Lab Rat is a new indie project with a pretty interesting concept. The game features a metric-obsessed AI that loves to taunt players as they manage more than eighty puzzles, akin to GLaDOS from the Portal franchise. The main difference being though that Lab Rat sees the antagonist feed off player-data and player-analytics to update puzzles in real time, at least according to the narrative.
Speaking with SegmentNext in a recent interview, Gwen Frey, founder and primary developer of Chump Squad, explained that Lab Rat is “definitely collecting feedback from players and showing poll results for surveys that people complete, and metrics for how real people are progressing through the game.”
However, the data is mostly to “further the narrative and to help select the order of puzzles.” Every puzzle in the game has been “lovingly handcrafted” by real humans and while players “will experience slightly different puzzles than others,” Lab Rat does not feature procedurally generated content.
“It is not easy to find the right balance of puzzle variety and puzzle difficulty with handcrafted content,” noted Frey. “Adding procedural generation would make this much harder to achieve!”
Frey has been giving her all to the indie games industry for the past few years. Lab Rat is only one indie puzzler slated for release next year. Kine is another which releases this fall. Before her focus towards indie puzzlers though, she worked as a senior technical animator on BioShock Infinite and its post-release expansions as well as Marvel Heroes Online. When asked to differentiate the development experience between both worlds, Frey pointed out how indie developers are and need to be extremely passionate and confident in what they are doing.

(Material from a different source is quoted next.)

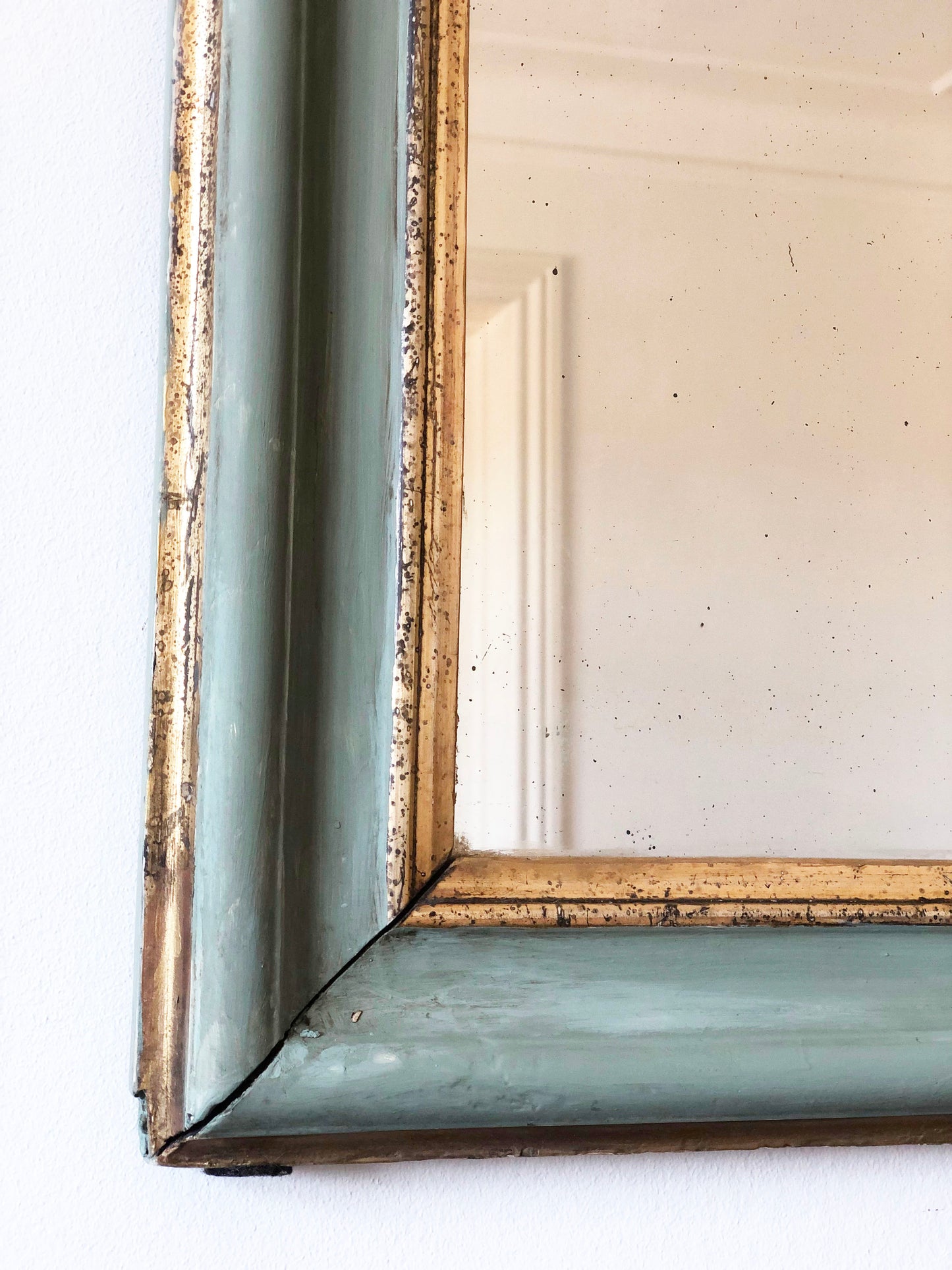 Antique Louis Philippe French Full length Mirror in Green and Gold, Late 19th Century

“When you are an indie developer you are completely dependent on how commercially and critically successful your work is,” Frey explained. “That is incredibly empowering, but it is also a terrifying responsibility. Obviously AAA developers want their game to be successful, but many AAA developers are primarily concerned that their specific job/role is well executed vs the entire game being well executed. This is the result of AAA developers both being more specialized, and being more detached from the business realities of their work.

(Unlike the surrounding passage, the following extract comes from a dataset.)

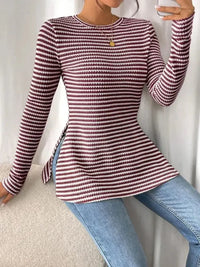Side Slit Striped Long Sleeve T-Shirt - Update AvenueT-ShirtsTrendsi100100732651850100100732651850b78dc7a438834f8d956e17f2b8464f48 - Max - OriginBurgundy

“Indie developers must believe in what they are doing enough to stake their livelihoods on their game, whereas AAA developers do not have to. Many indie developers forgo a paycheck until their game launches or a publishing deal comes together. Because of this I find most indie developers are intensely passionate and opinionated – you have to be if you are going to be in this position!”
That being said, new and upcoming triple-a games like The Outer Worlds do tend to attract Frey into going back. A small team of developers can only “launch a rocket” as she said, “they cannot send someone to the moon.”

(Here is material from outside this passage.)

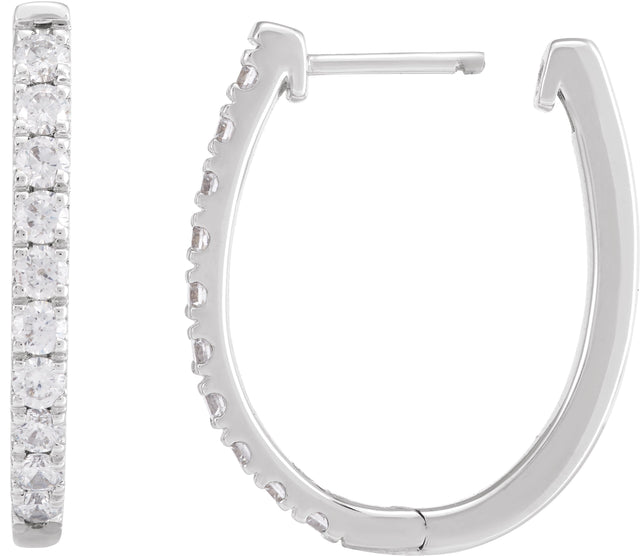 14K Gold Round Lab-Grown Diamond Accented U-Hoop Earrings – 13x12.33mm - White Gold - view 9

“I remember a specific moment when I was playing Outer Worlds where I opened a door to reveal the main hub of this city-space ship. I saw the lights shining down on a gorgeous interior space and NPCs bustling around the bright, lively corridor… In that moment I honestly considered polishing up my CV and reaching out to that team. A small indie team can’t create a large quantity of beautiful moments like this, and also have compelling gameplay, and also have a witty engaging story, etc, etc.”
However, Frey believes that there is a lot of untapped potential in the indie games industry, particularly the puzzle genre. She might be trying out new genres as well and perhaps only then consider returning to triple-a projects.
“I often find myself playing stunningly beautiful and interesting games where the core gameplay loop involves shooting things. I always found this jarring. There is this disconnect between the actions I am performing and the lovely world I am experiencing – and I hate that. I always wanted more games where you could lose yourself in an engaging story or a beautiful world without combat being the primary player action. At the moment I’m making puzzle games because I think that is one of the easiest ways to pursue that goal, but personally I also love strategy games, tactics games, and things of that nature. I don’t know which genre I will try next, but I do know there is a ton of untapped potential in the puzzle game genre right now!”
Another reason for sticking to indies for now involves a sense of completion, which Frey never experienced before releasing Kine—her most favorite game to develop so far. “I had never made something that felt so completely and entirely my own creation before Kine,” she exclaimed. “I deeply enjoyed the creative process of developing it, and because Kine was successful I can continue to explore more of my ideas at my own indie studio.”
Suffice to say that the indie games industry holds great importance. Frey cannot say if next-generation hardware will greatly impact indie development, but she does believe that Xbox Game Pass will. “As a gamer I find myself less likely to purchase an indie title at full price on Xbox. I know there are a ton of titles in Game Pass that I can explore when I want to play an indie game, so there isn’t as much of a draw to pay full price for even more indie games. I don’t have enough time to explore everything that I already have for free in my Game Pass catalogue!”